Das spiegelte sich am Sonnabend auch auf dem Rasen im Steyer-Stadion wider. Die Gastgeber wirkten nicht spritzig genug, zu wenig aufeinander abgestimmt, um den sportlich stärksten Rivalen hierzulande zu gefährden. „Wir sind im gesamten Spiel nur hinterhergelaufen, ermöglichten mit eigenen Fehlern den Gästen auch noch leichte Punkte, wir fanden nie eine Antwort. Die zweite Halbzeit war für alle enttäuschend“, sagte Stantke. Es spricht keiner aus dem Trainerstab so aus, aber im zweiten Durchgang wirkten die Monarchs so, als hätten sie den Kampf um den dritten Saisonsieg bereits aufgegeben. Der überragende Braunschweiger Quarterback Casey Therriault durfte schalten und walten, wie er wollte. „Der ist ein Ausnahmespieler, der selbst aus zerstörten Spielzügen noch etwas macht. Das ist in gewisser Weise auch frustrierend“, sagte Stantke.

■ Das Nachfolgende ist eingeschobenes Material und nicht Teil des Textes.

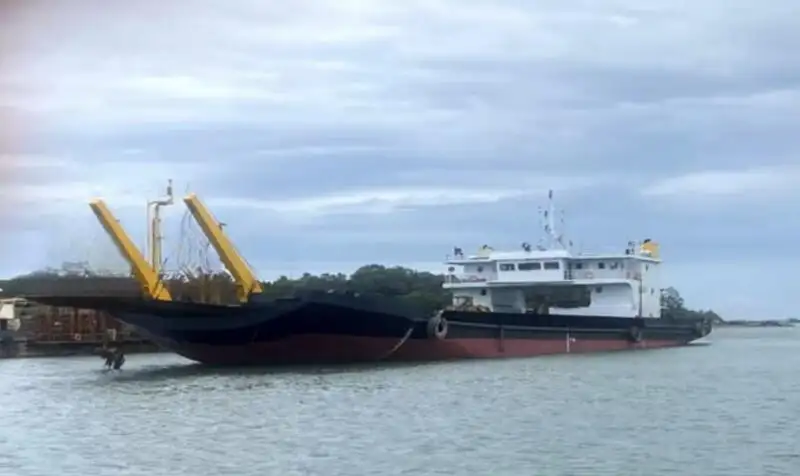 படகு விற்பனைக்கு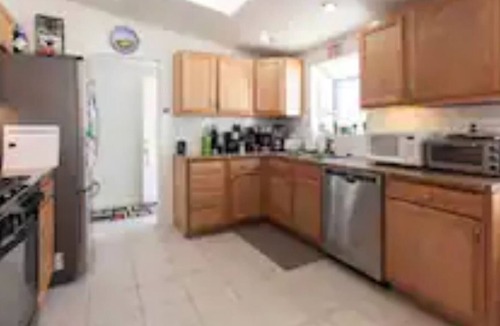 Townsite House | Private Bedroom, Shared House - 1 mile to the Beach! Pet Friendly
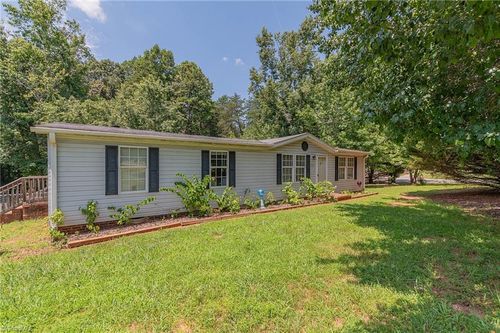 245 Rolling Meadows Dr, Reidsville, NC, 27320-0681 | Card Image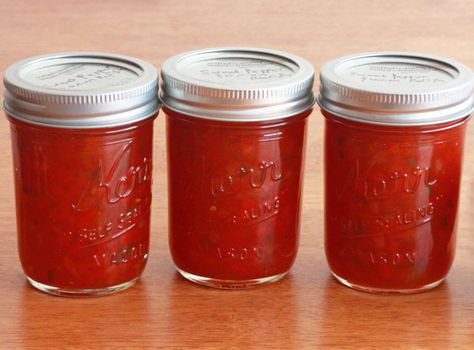 Harry & David Sweet Pepper and Onion Relish Copycat Recipe. Would make a good gift for Christmas Pepper Onion Relish, Onion Relish Recipe, Sterilizing Canning Jars, Hot Pepper Relish, Pickle Appetizers, Preserving Vegetables, Harry And David, Relish Recipe, Pepper Relish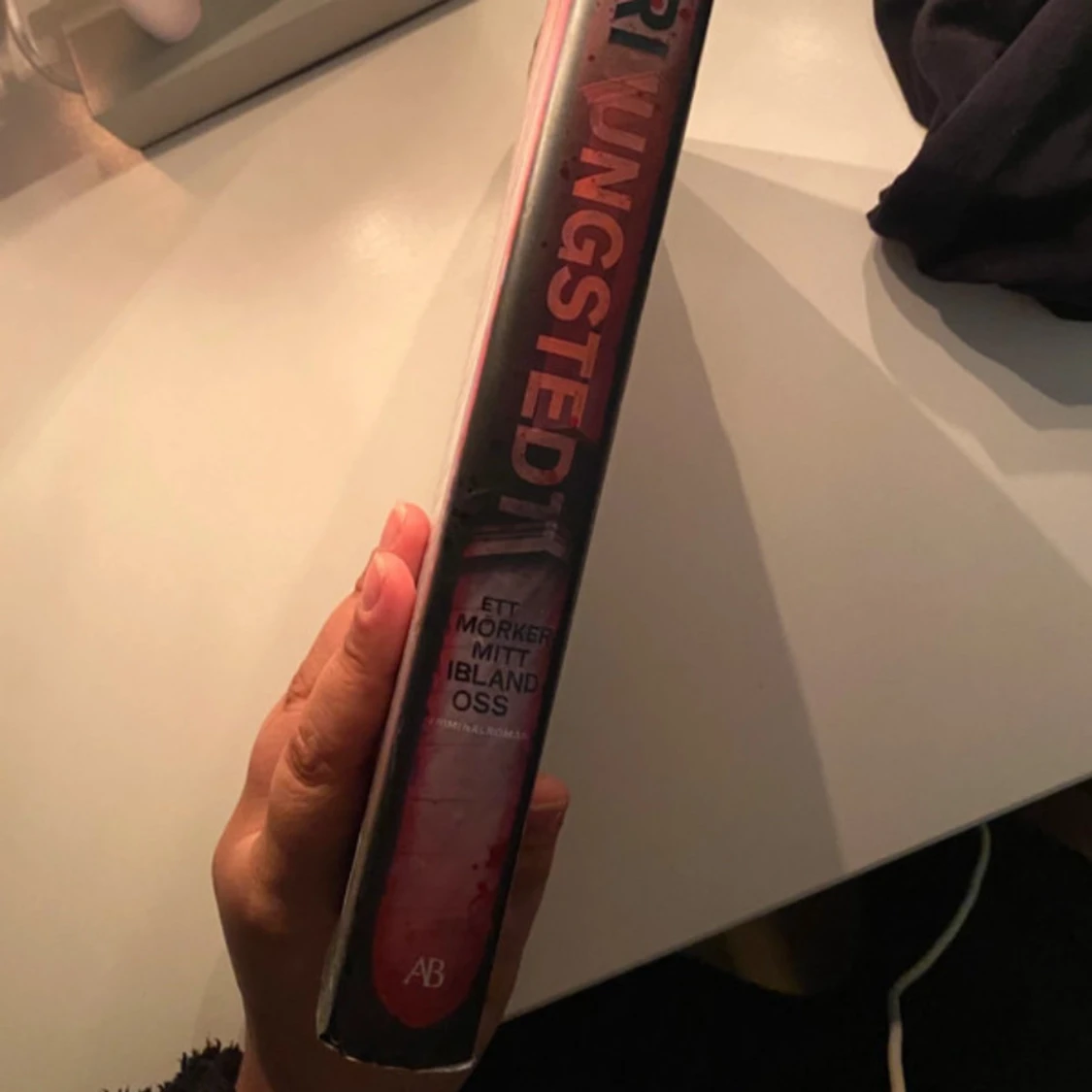 Ett mörker mitt ibland oss - 2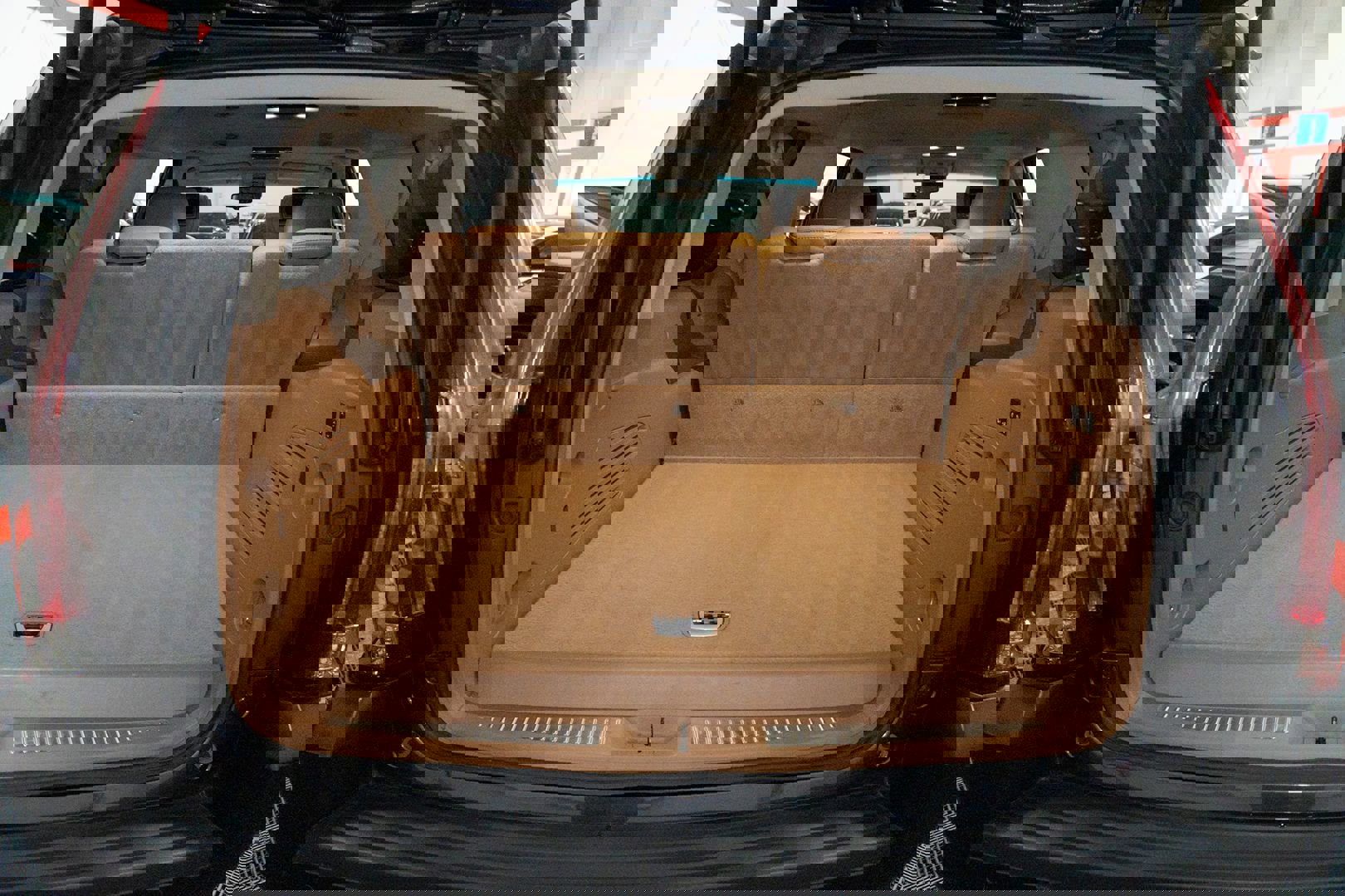 Used 2016 Cadillac Escalade ESV Platinum image 34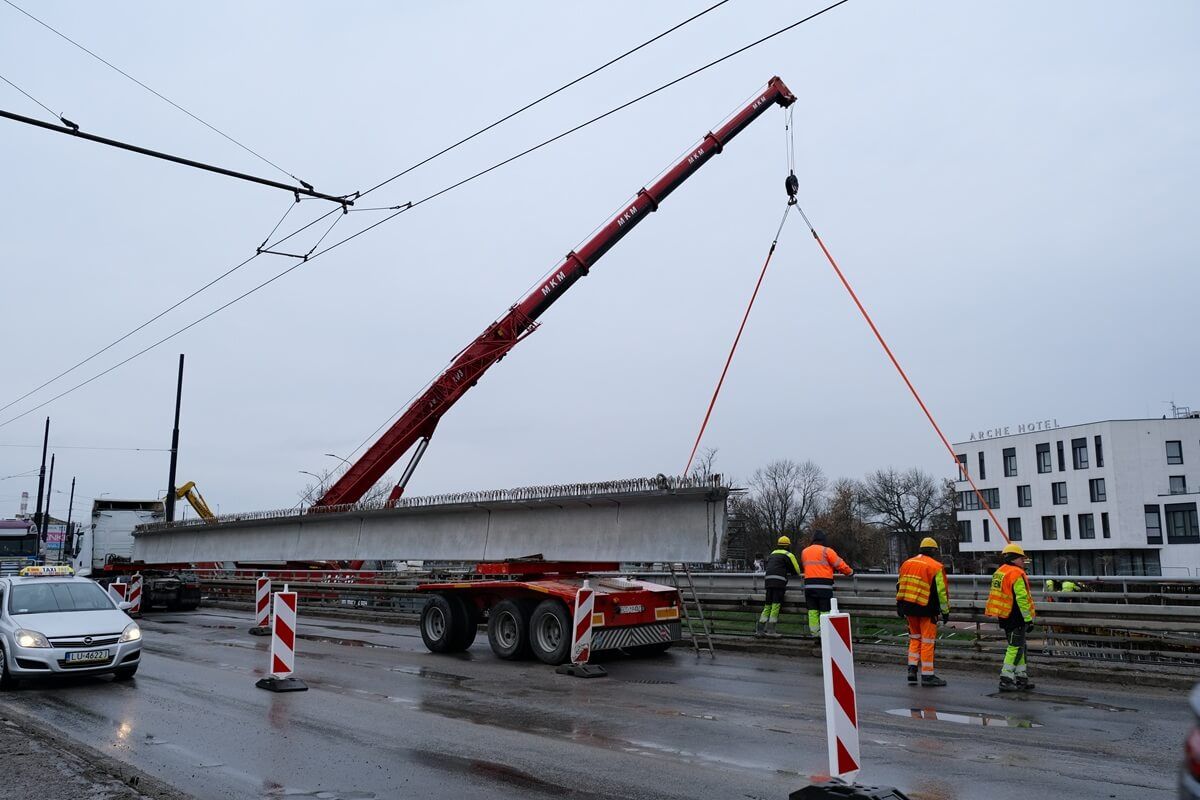 Montaż betonowych belek nowego mostu na Bystrzycy na al. Unii Lubelskiej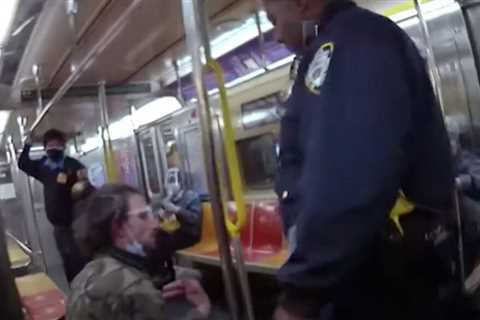 NYC to Pay $135K to Homeless Man Dragged Off Subway by Cops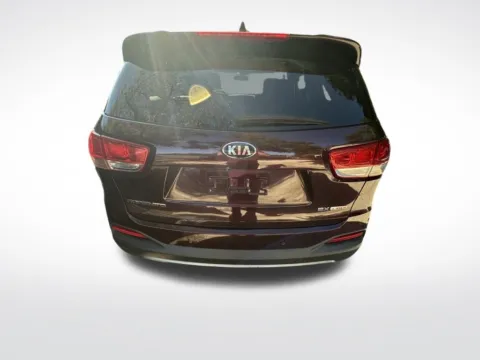 More photos of 2017 Kia Sorento EX at Pinnacle Motor Company LKN, NC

Zwei Situationen versinnbildlichten am Sonnabend die Verfassung der Hausherren. Bereits in der 16. Minute verletzte sich Linebaker Martin Schmidt schwer am linken Knöchel. Er wurde mit Verdacht auf Knöchelbruch ins Krankenhaus eingeliefert, die Partie war minutenlang unterbrochen. In der Halbzeit erlitt Trevar Deed einen Kreislaufzusammenbruch. Der zum Abwehrspieler umfunktionierte überragende Runningback der letzten zwei Jahre musste noch am Spielfeldrand und auch später in der Kabine mit Infusionen wieder aufgepäppelt werden. „Wir müssen die Niederlage in den kommenden Tagen aufarbeiten und die richtigen Schlüsse ziehen“, sagte Stantke vor den wegweisenden Partien in Kiel (3./13. Juni) und daheim gegen Hamburg (2./20. Juni). „Da ist auch jeder Spieler gefragt, was er besser machen kann“.